For one thing, until recently the social pressure was in the direction of denying multi-racial roots to avoid social stigma in American culture. I suspect that families that preserved such a story of bi-racial roots, despite social pressure to do otherwise, were telling the truth more often than not.

And, if you think about the realities of frontier life in American history, in each stage of frontier expansion there were a lot more European men than European women in the earliest years of each frontier settlement. When you ponder that fact, along with how few people there were in the frontier areas, and how we are therefore related to most everyone we've ever met, it seems likely that almost every American whose family has been here for more than a few generations would be multi-racial.

Put another way, if your great-great-great-great-great-grandparents were all in North America (and remember, you have 128 gr-gr-gr-gr-gr-grandparents), given the realities of frontier America, you surely have some mixed racial ancestry, whether that includes European, Native American, African American, or Asian mixes.

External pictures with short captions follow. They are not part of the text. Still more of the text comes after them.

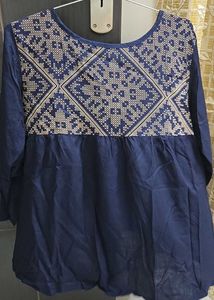 Navy Printed Top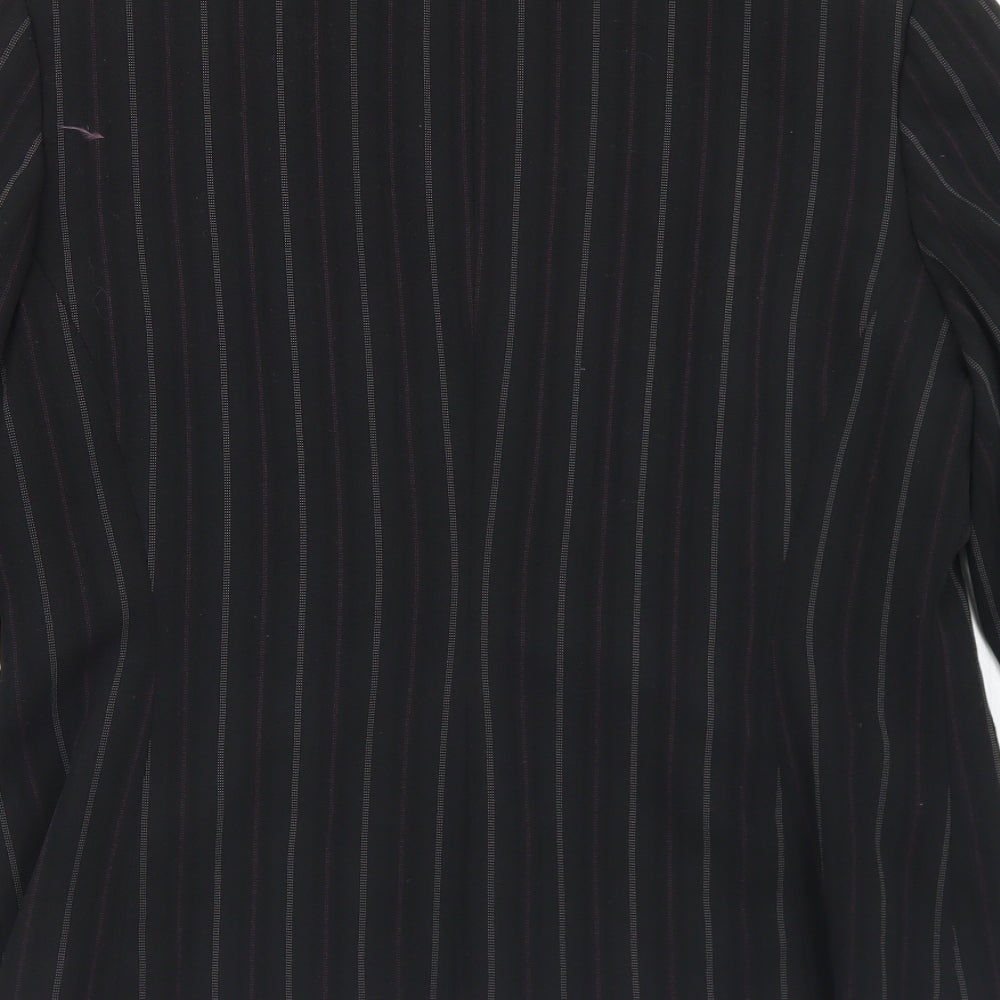 New Look Womens Black Striped Polyester Jacket Blazer Size 16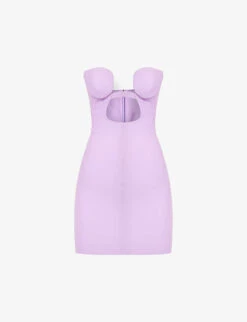 Cut-out Slim-fit Stretch-woven Mini Dress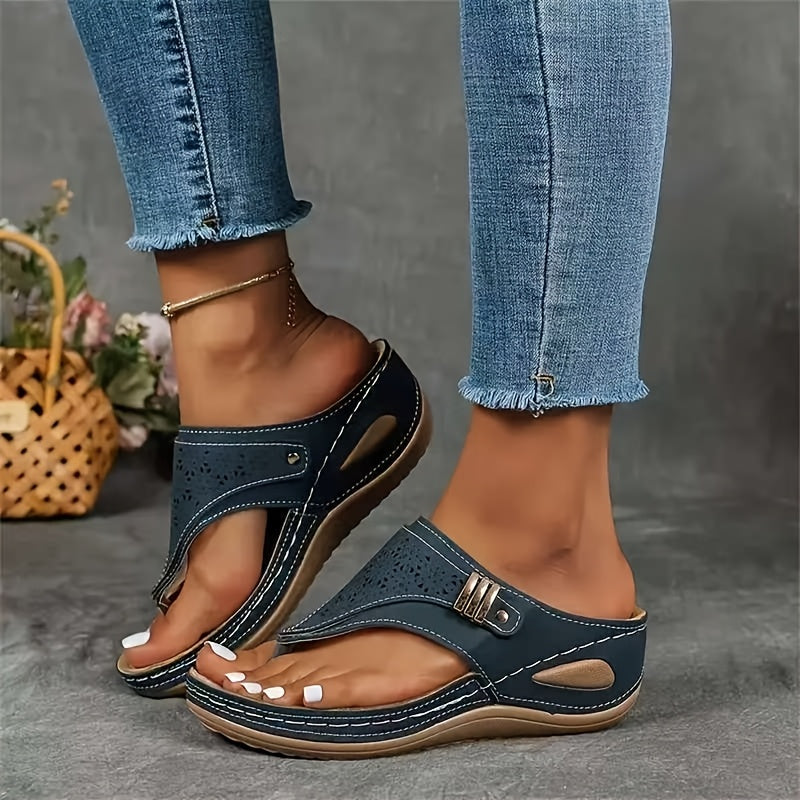 [Comfort Sandals] Breathable Women's Wedge Toe-Thong Sandals | Super Hit Sandals for Women | Comfort Summer Footwear Perforated Buckle Design - Looped In Style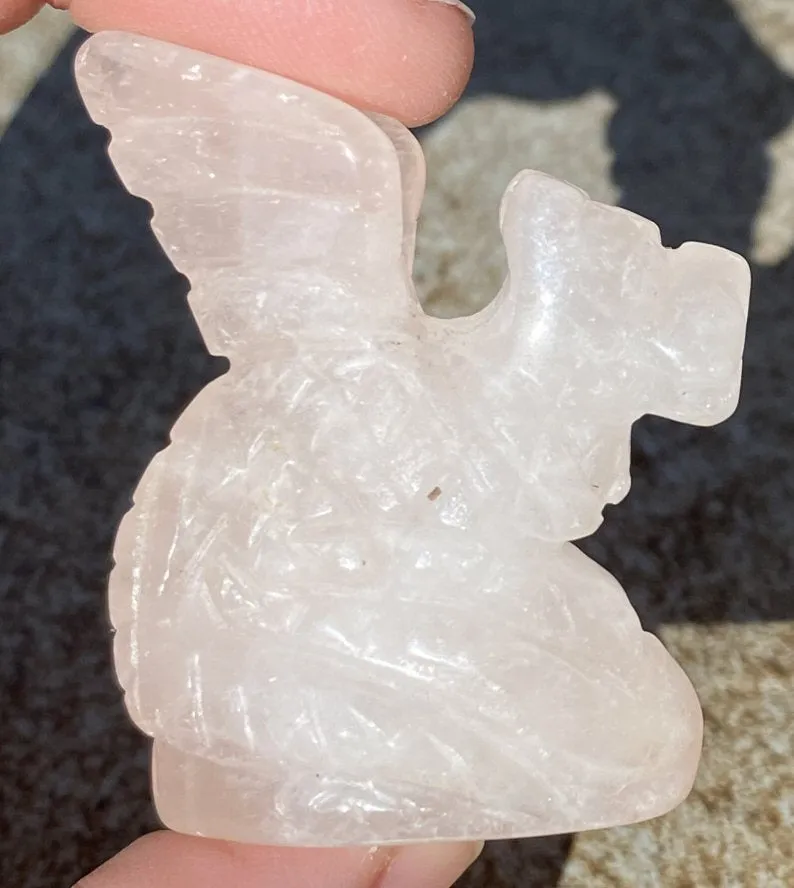 Rose Quartz Medieval Style DRAGON Totem - Love, Courage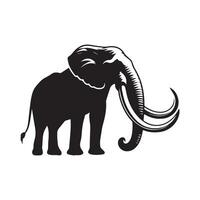 Elephant - An African elephant illustration in black and white vector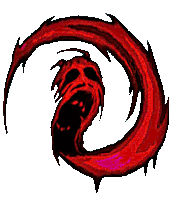 a drawing of a red swirl with a skull in the middle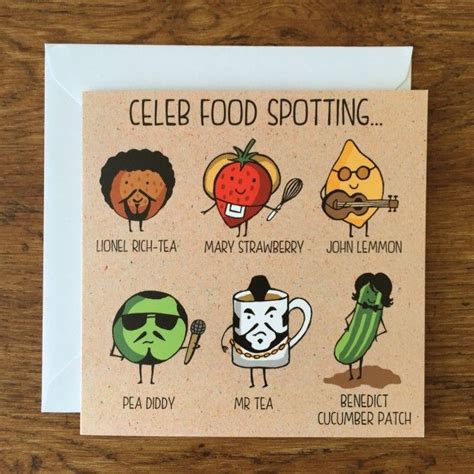 Food Pun Card A Funny Celebrity Food Pun Card Celeb Food Spotting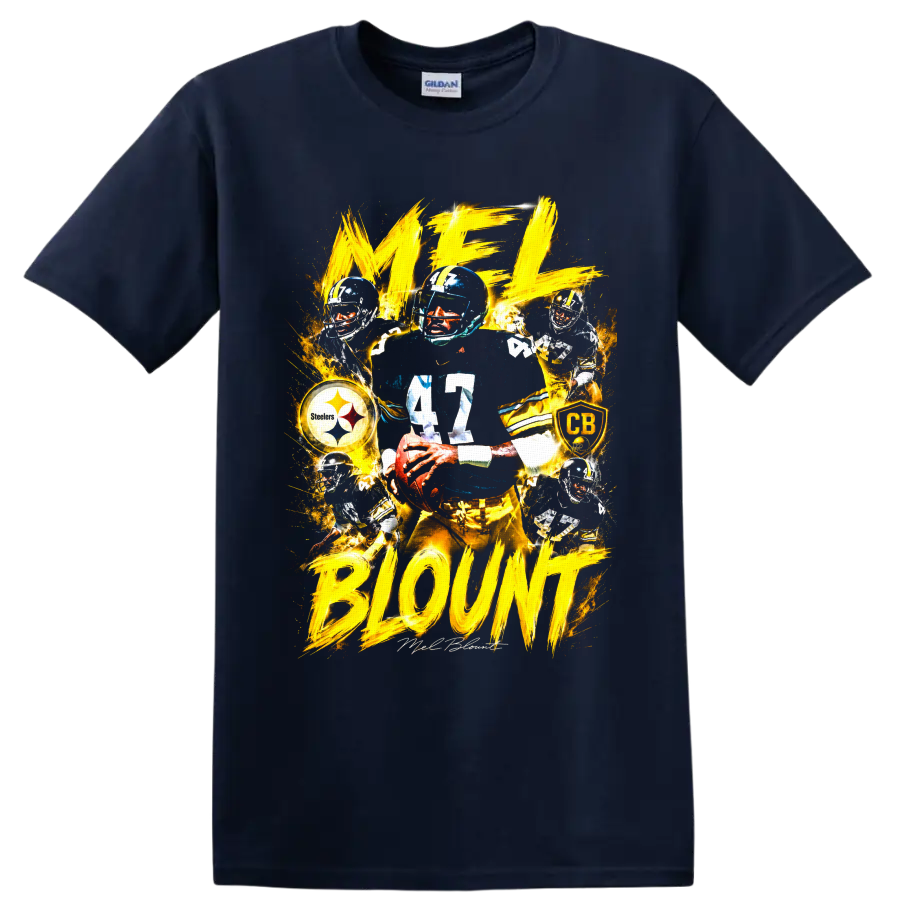 Mel Blount No. 47 Steelers action collage with gold brushstroke lettering on a Navy (Blue) T Shirt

It is no accident that America has as one of it's nicknames, "Melting Pot."




Question

How do you prove a family legend is true?

Answer

Now therein lies the challenge! If a family story remains a legend, it's probably because it is difficult to prove the story.

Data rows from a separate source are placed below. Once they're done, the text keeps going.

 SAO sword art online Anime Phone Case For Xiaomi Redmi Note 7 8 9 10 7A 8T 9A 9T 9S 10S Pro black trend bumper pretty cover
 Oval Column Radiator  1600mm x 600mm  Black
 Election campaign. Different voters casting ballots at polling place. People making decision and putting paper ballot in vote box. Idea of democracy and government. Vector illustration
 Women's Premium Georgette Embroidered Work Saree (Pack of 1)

To use the example of Native American ancestry again, most Native American Tribes used oral history instead of written records until the late 1800's. Unfortunately, that makes the written records more recent than most of the frontier bi-racial marriages.




Question

Does such lack of proof make a family legend worthless?

Answer

No. The family legend is still valuable in a couple of important ways. First, the legend may be true, and it guides you in areas that need to be researched. I would document a family legend in the same way that I document any other piece of genealogy data -- by attaching to it whatever source information I have, so that the reader of my report can decide for him or her self what they think of the quality of my source. Obviously, the source will be strong if it's photocopies with my ancestor's names from the U. S. Bureau of Indian Affairs tribal records. The source will be more subject to question if it is based on interviews with several relatives several generations after the fact.

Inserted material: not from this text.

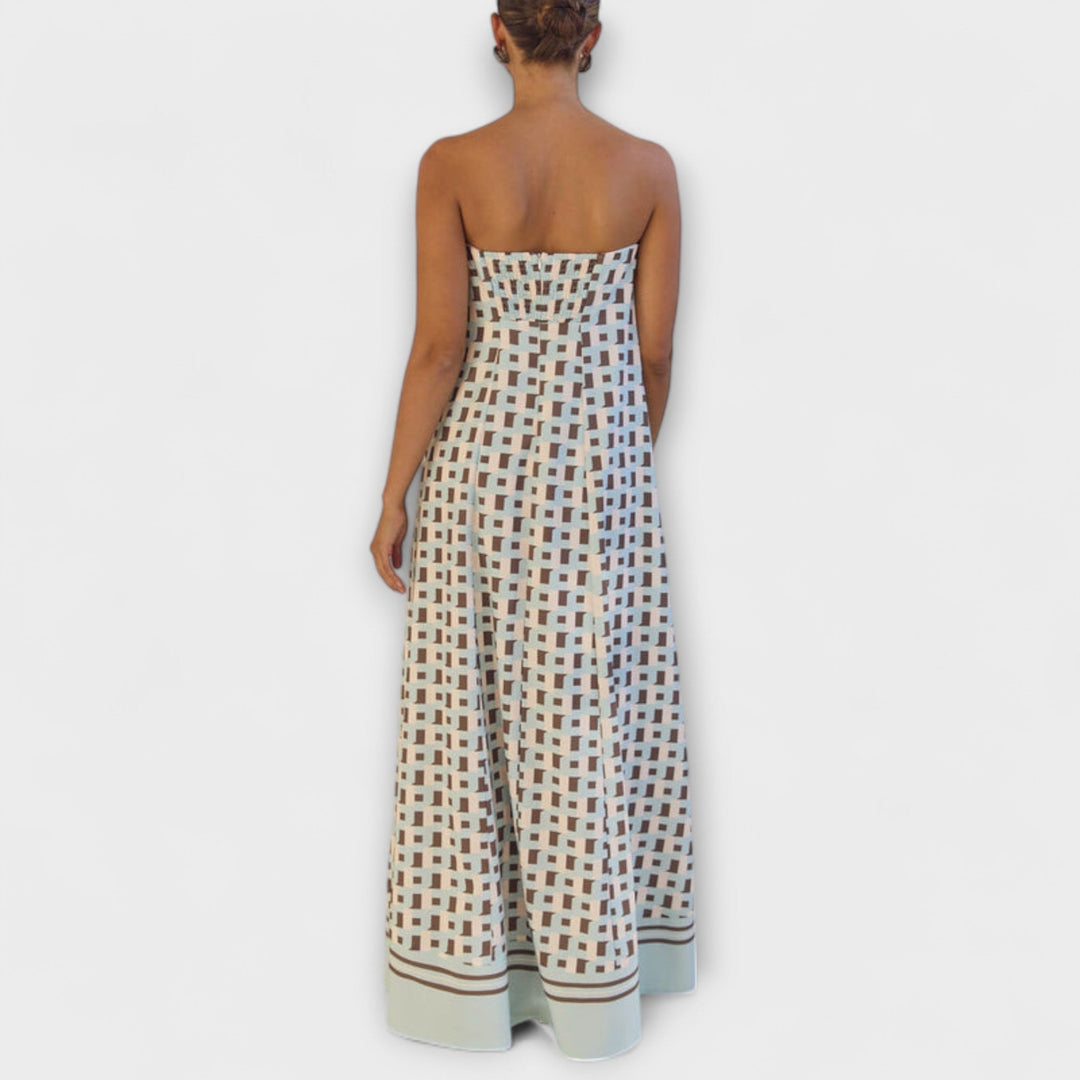 Hazel - Robe maxi unique à épaules dénudées et motif géométrique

But, it would be equally reckless to either present the story as more proven than it is, or conversely to suppress the story because of lack of written records.

Present the family legend, with an honest reference to your sources, so that you are neither exagerating, nor prematurely denying, your family history.




Question

You said that Family Legends, even if unproven, are valuable for a couple of important reasons. What is the other one, besides the fact that they might be true and give you clues about what to research?

Answer

Family legends give one a little taste of the personality of one's ancestors. For example, even if I am never able to prove our family legend of having ancestors in the Ute Tribe, I am very proud that my ancestors saw a bi-racial heritage as a valuable thing during a time when much of society was plagued with racial prejudice. That is something I can know about my family from the telling of the legend, whether or not the legend is true.

Family legends, like other stories, add color to the family history. One has to have hard data (birthdates, birth locations, marriage dates, marriage locations, death dates, death locations, burial locations, etc.) in any genealogical research project. But numbers alone can be boring. Including stories, from both the remote family history and the modern family history, make the report come to life as the reader is given a glimpse of the personalities and lives of your ancestors.

If you are able to add family photographs and relics to the stories and data, your genealogy report becomes a fascinating trip into the past.

Again, I am not suggesting that anything be called proven that is not proven. The honesty comes with clearly identifying the source of every piece of data, every photograph and every story that you include in your report.